The cost of mediation varies greatly. In Colorado, there are mediators that have agreed to work with the county at a discounted rate. This rate is currently $120.00 per hour, but is typically equally divided between the parties to the case, so $60.00 per party. Private mediators generally charge between $200 per hour to $350 per hour, but there are some that charge even more. This is a small amount to pay for one day, possibly two days, of mediation verse the cost of trial.
2. Speedy resolution of disputes
At times, it can take months over years for parties to have their case heard before a judge. However, if you are able to settle the matter in mediation, the case can be wrapped up as early as you can get into mediation.
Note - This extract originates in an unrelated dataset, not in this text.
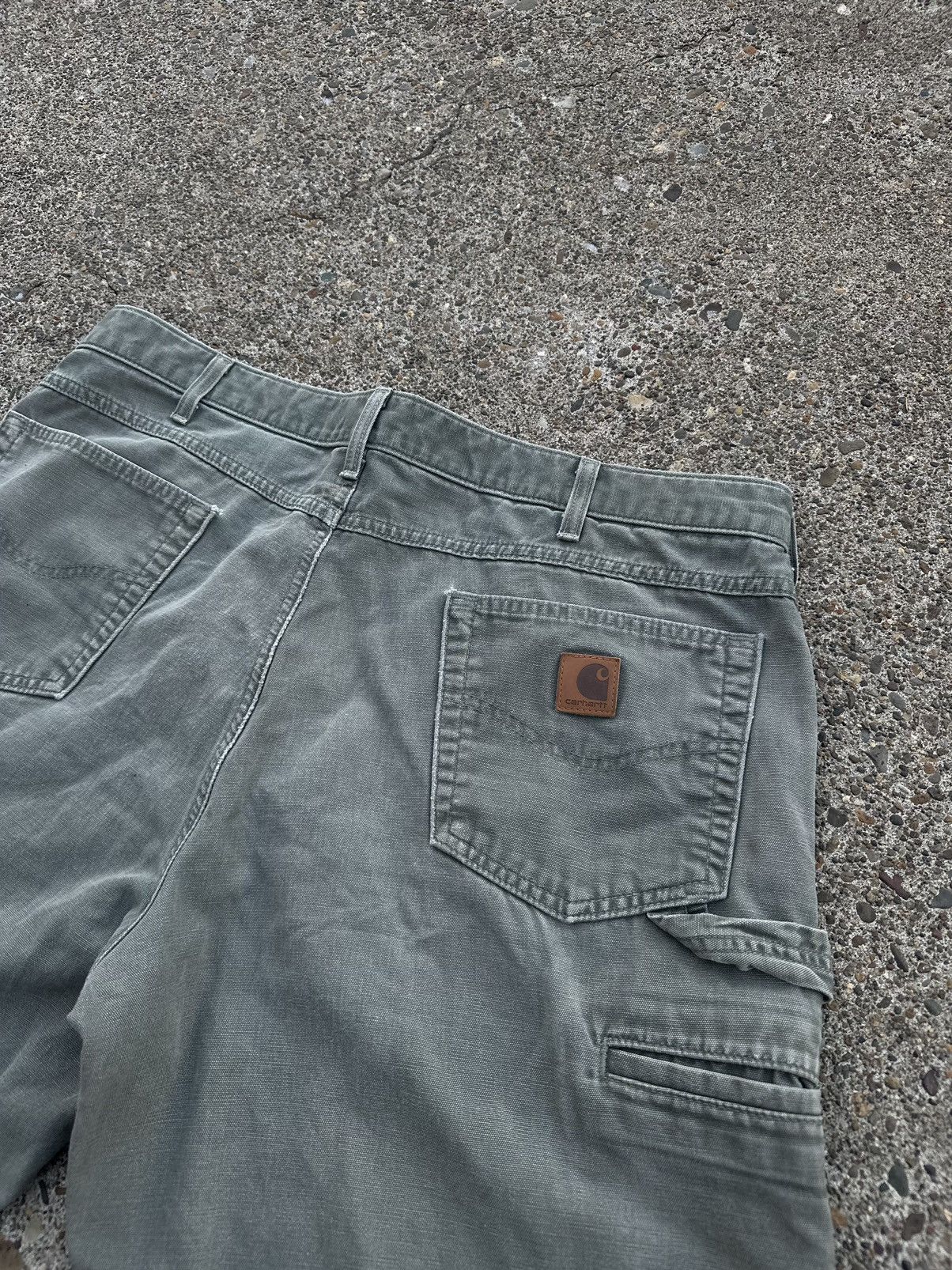 Carhartt × Vintage Olive Green Relax Fit Carharts Size US 38 / EU 54 - 5 Thumbnail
3. The process is flexible
Mediation is a very informal process. There is no authority to decide the outcome of the case and no one to even compel the parties to settle. The process is non-binding until the parties agree on a resolution. Meetings can occur at any time and can involve the parties together or in separate rooms. Mediation can occur face to face or electronically. The parties and the mediators can form the process and meeting how they feel would be best.
4. Mediation is confidential
Confidentiality is at the heart of mediation and is critical to a successful resolution. Parties to a case must be assured that they can freely share sensitive information during settlement negotiations without fear that the information will be used to their detriment. In order to facilitate settlement, a mediator will ask the parties to be open, particularly when the other party is not in the room, and it is often these shared confidences that are the most helpful to the mediator in assisting the parties in creating a settlement agreement.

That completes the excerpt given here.